On entend tout et son contraire au sujet du nouveau titre édité par Capcom. D'après les uns, le gameplay serait inintéressant et, à quoi bon s'appeler jeu vidéo quand on ne peut procurer aucun plaisir ludique ? D'après les autres, le scénario taperait dans du gros cliché et, malgré l'univers bien branlé et l'identité visuelle impeccable du titre, on ne dépasserait finalement que de très peu les standards du médium en terme de narration.
Voilà, on la retrouve, cette lancinante rengaine du narratif VS. ludologique...
Ce à quoi je réponds : pensez personnage. Le personnage, au croisement des interactivités et de l'histoire, est le véhicule parfait pour profiter d'un jeu comme Remember Me, et à mon grand soulagement, les développeurs ont vraisemblablement pensé la même chose puisque c'est strictement le regard de l'héroïne que le joueur est amené à partager et, je dirais même plus, à explorer.

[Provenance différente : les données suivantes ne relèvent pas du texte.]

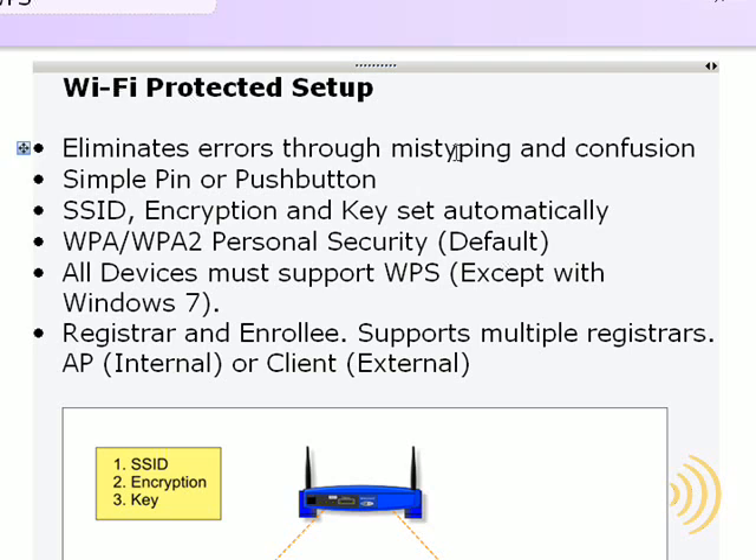WPS is designed to eliminate errors through mistyping and confusion using a simple PIN or push button. The SSID, encryption type, and security key are all generated automatically. As far as security, it uses WPA and WPA2 Personal as a default.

Oubliez donc les grandes promesses du Néo-Paris touristique, de l'univers d'anticipation ultra-fouillé, vous ne partagerez qu'une seule et unique journée de l'emploi du temps extrêmement chargé de Nilin. Tout ce qui se réfère en détail à l'univers de Néo-Paris et de ses corporations ne sont malheureusement qu'esquissés dans quelques paragraphes optionnels d'un sous-menu dédié. Le jeu voltige ainsi en permanence entre un parcours intimiste et une mise en scène qui bascule parfois drastiquement dans le cahier des charges du spectacle hollywoodien. Courses poursuites souterraines et jeux du chat et de la souris côtoient sans transition drames humains et monologues introspectifs. Difficile, face à ce simple constat, de ne pas signaler une certaine maladresse dans la structure du récit. Et en ce sens, il faut reconnaître que Remember Me ne parvient pas à s'émanciper de certains canons du JV d'action occidental, plutôt efficaces mais non moins envahissants.

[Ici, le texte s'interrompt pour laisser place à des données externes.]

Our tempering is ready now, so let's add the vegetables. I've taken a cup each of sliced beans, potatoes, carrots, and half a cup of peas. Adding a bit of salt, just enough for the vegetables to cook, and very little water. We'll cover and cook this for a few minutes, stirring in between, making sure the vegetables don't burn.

Comme il a été dis par toute la presse, et peut être plus encore, la représentation de l'univers est certainement le point fort du titre. Au travers du regard de Nilin, l'interface graphique se construit à mesure que l'on frôle le décor ou que l'on explore la mémoire de nos alliés et ennemis à la recherche d'indices permettant aussi bien la progression, que la simple construction d'un édifice dont on ne doute que très rarement de l'authenticité. En de rares occasions, on trouve encore des murs invisibles blindés par des accessoires et PNJs inamovibles ou encore des surfaces vraisemblablement accueillantes mais dépourvus de potentiel interactif. On n'échappe pas non plus aux arènes bien vastes qui hurlent "ICI BASTON" avant même que l'on y fasse un pas. Mais ces faiblesses de level design ne doivent pas voiler le travail constant de mise en scène qui accompagne chaque phase d'exploration ou de "plateforme", ou la fluidité (tardive mais réelle) des affrontements qui, malheureusement, ne deviennent vraiment intéressants que dans les 3 derniers chapitres de l'aventure (mode de difficulté max obligatoire pour ressentir le petit frisson, passé le premier boss frustrant).

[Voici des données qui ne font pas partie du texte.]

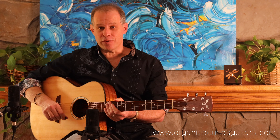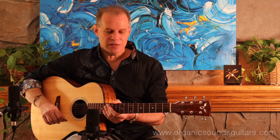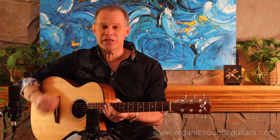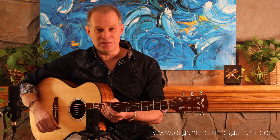Hi friends, Larry here with Organic Sound Select Guitars. Today I have a great instrument — it's a grand concert from the Aloha series, pre-owned from the year 2010. It's in great playing condition: super responsive, sweet-toned instrument. It can play loud if you wanted to with a flat pick. I like it fingerstyle — it's so responsive and balanced all the way up and down the neck. It's got a great setup and it's easy to play.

On en vient donc au problème fondamental du jeu, qui est pour moi d'ordre narratif, et qui je pense peut se résumer en une petite formule un brin déprimante : le dictat des graphistes. Lorsque le projet s'appelait encore Adrift, DontNod communiquait pas mal sur la participation d'Alain Damasio à l'écriture, avant que le projet ne mue et ne passe sous la houlette de Capcom. Aussi positif que ce contrat a pu être pour le studio, il a tout de même mené le projet, très prometteur sur le plan artistique, à subir des compromis. Et c'est l'histoire qui a pris, c'est évident. S'il faut des arguments pour s'en convaincre, il suffit de lire le discours amer (mais courtois) de l'auteur de La Horde du Contrevent face à une industrie qui a tendance à prendre ses joueurs pour des idiots profonds, incapables de concilier des activités intellectuelles et intuitives sans se perdre en cours de route : http://ragemag.fr/alain-damasio-remember-me-est-un-miroir-des-technos-intrusives-30172/
Résultat, l'instance créative qui parvient le mieux à raconter des histoires est musicale, et ça tout le monde l'a remarqué. Olivier Derivière a vraisemblablement jouit d'une latitude inédite, profité d'un véritable orchestre pour mieux jouer avec ses sons, en faire quelque chose d'hors du commun et surtout qui réagit aux actions du joueur pour fournir un feedback crucial lors des affrontements, fréquentant de très près des questionnements habituellement réservées aux sound designers.
Voilà, Remember Me est un jeu lacunaire sur bien des points. Une franche déception même, aux vues de ses ambitions premières. Sa fraîcheur ne réside donc absolument pas dans sa formule, mais dans sa forme et sa finition et dans la justesse de son registre et de ses références.